The three finalists Kennedy confirmed on Monday are: Bill Conley, recruiting coordinator/tight ends coach at Ohio State; Dean Pees, defensive coordinator/inside linebackers coach at Michigan State; and Charlie Molnar, offensive coordinator/quarterbacks/wide receivers coach at Kent State.
Kennedy said the other two candidates are head coaches that he has interviewed, but he had not officially received word that they were interested and therefore could not name them at this time.
"I should know the status of the other two candidates by Wednesday," said Kennedy. "If they decide they are not interested, I'm very comfortable with the three candidates I've already named."
Pees is currently in his third year as a Spartans assistant under head coach Nick Saban, who played on Kent State's 1972 Mid-American Conference championship team. A year ago, Pees' defense ranked 19th nationally, and this year, the Spartans are allowing just 299.9 yards and 17.2 points per game.
Pees, who graduated from Bowling Green in 1971, has extensive MAC ties. Before spending the 1994 season as the secondary coach at Notre Dame, he served a four-year stint as defensive coordinator at Toledo (under Saban in 1990). His 1992 unit led the MAC in scoring, rushing and total defense.
Pees also spent four years as defensive coordinator and secondary coach at Miami of Ohio (1983-86).

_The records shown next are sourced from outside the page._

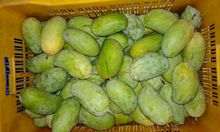 Best Fresh Green Chilli Vegetables Suppliers in India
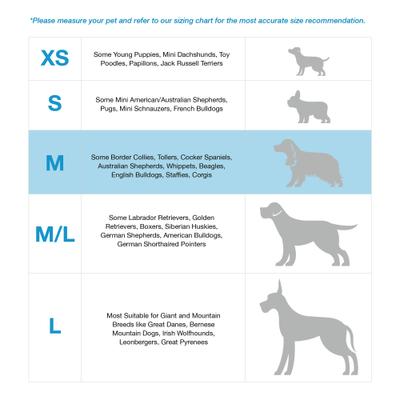 Show full view: Blue-9 Pet Products Buckle-Neck Balance Dog Harness, Hot Pink, Medium: 21 to 32-in chest slide 5 of 9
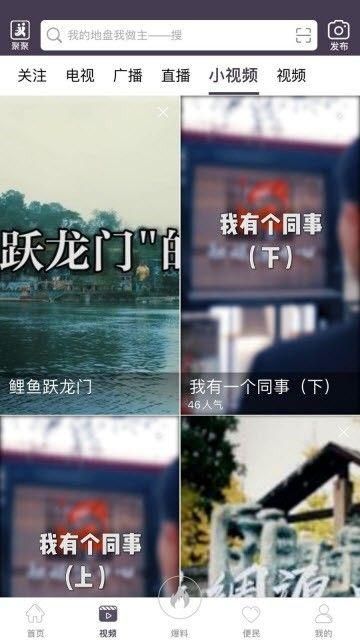 南充见_图片1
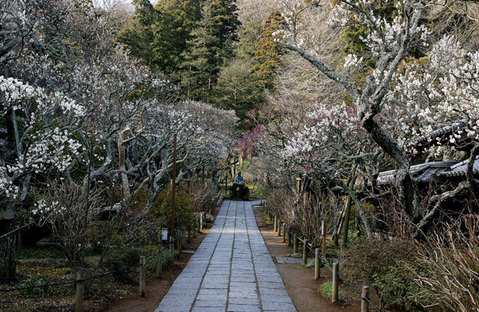 090214東慶寺ウメ1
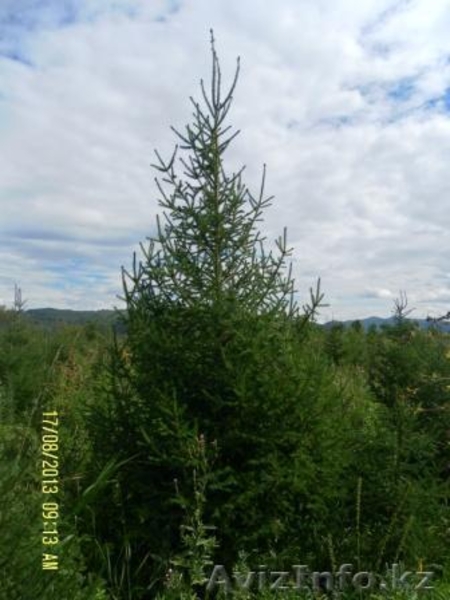 Саженцы ЕЛЬ с комом - Изображение #1, Объявление #1149017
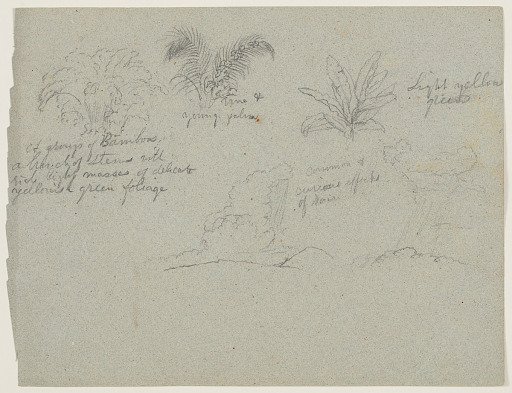 Botanical and Meteorological Sketches from the Río Magdalena, Colombia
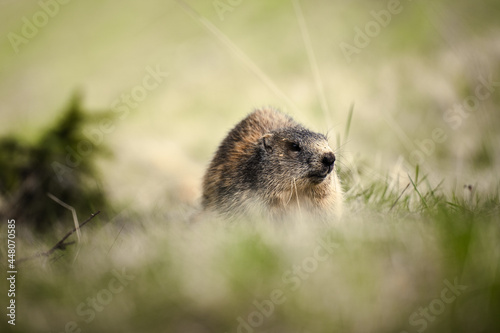 mountain animal in a green grassland landscape © Dominik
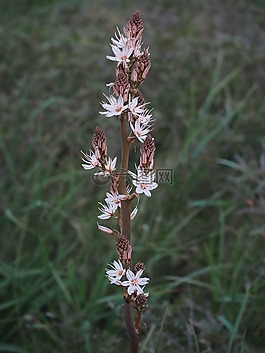 香的水仙,花,開花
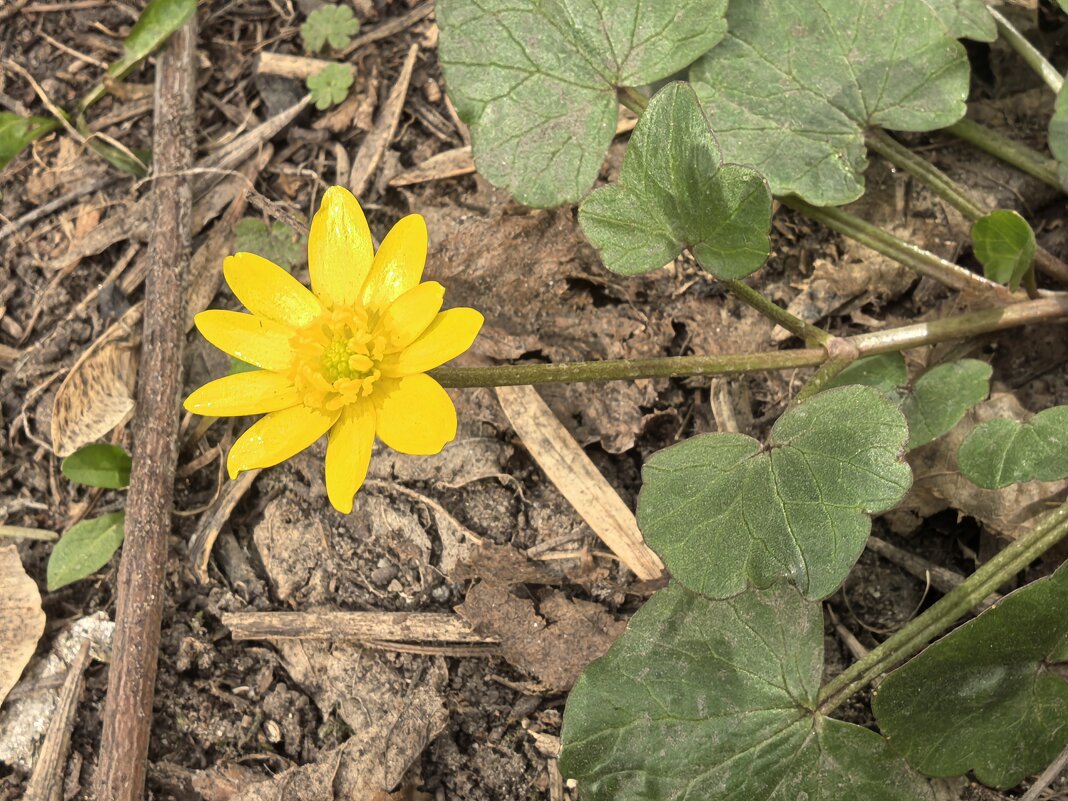 ***ч и с т я к  весенний*** - Olga Oskolkova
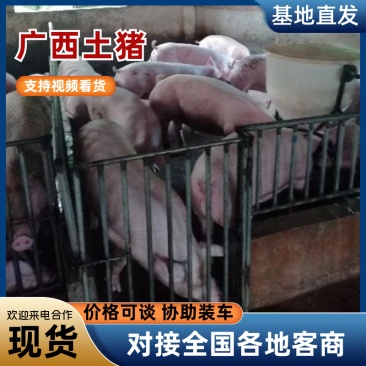 广西土猪精品土猪肉质鲜嫩大量供应品质保证欢迎下单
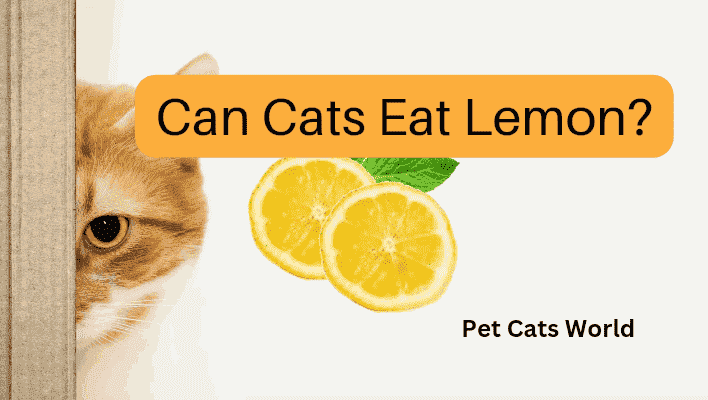 can cats eat lemon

Conley, a Columbus native and 1972 OSU grad, is in his seventh year at Ohio State under head coach John Cooper. After coaching defensive ends the past five years, he switched to tight ends in '97 and continues to lead the Buckeyes' highly-successful recruiting efforts.
Conley was a reserve offensive lineman for the Buckeyes under Woody Hayes, then fashioned a 78-39 record as an Ohio high school coach at three different schools for 12 years. He then moved on to the collegiate level, coaching linebackers at Ohio State from 1984-87. During that time, he helped develop such players as Chris Spielman and Pepper Johnson.
Conley returned to the high school level from 1988-90, serving as head coach at Dublin before returning to Ohio State as the recruiting coordinator in 1991.
Molnar was a member of previous Kent State head coach Jim Corrigall's first staff in 1994. He served as quarterbacks coach for two years before taking over as offensive coordinator a year ago.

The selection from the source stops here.